▽
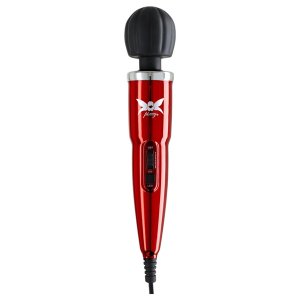 Pixey Silence - halk wand masszírozó vibrátor (piros)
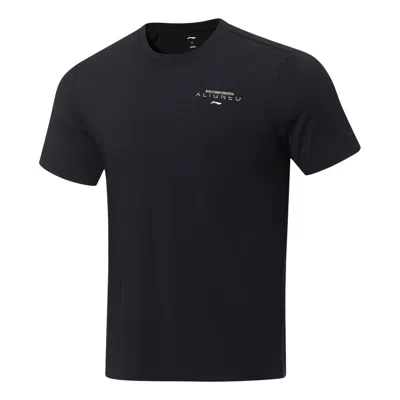 Li-ning Training Series At Dry Freeze T-shirt 'black'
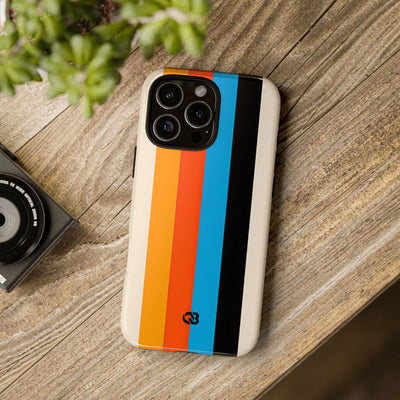 Retro Racing Stripes · Tough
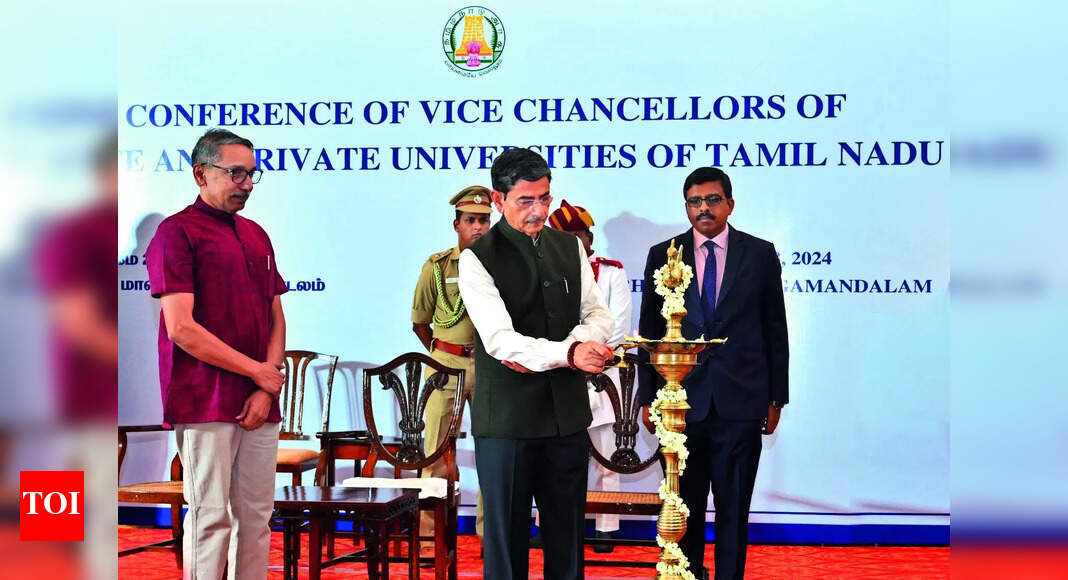National Education Policy: Our country is in a state of transformation: Guv | Coimbatore News - Vimarsana News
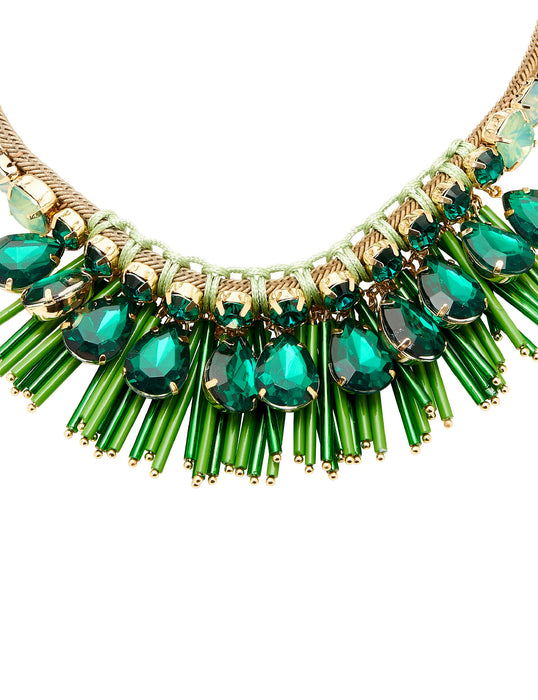 JARDIN STATEMENT NECKLACE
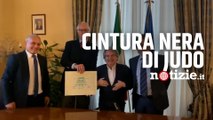 Renato Brunetta diventa cintura nera di judo: il video del ministro per la pubblica amministrazione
△
▶ _About this task_
Exactly the lines from the one holding "Retro Racing Stripes · Tough" through the last line of the entries must be set down, with nothing added and no pictures.

▶ _Exercise solution_
 Retro Racing Stripes · Tough
National Education Policy: Our country is in a state of transformation: Guv | Coimbatore News - Vimarsana News
 JARDIN STATEMENT NECKLACE
 Renato Brunetta diventa cintura nera di judo: il video del ministro per la pubblica amministrazione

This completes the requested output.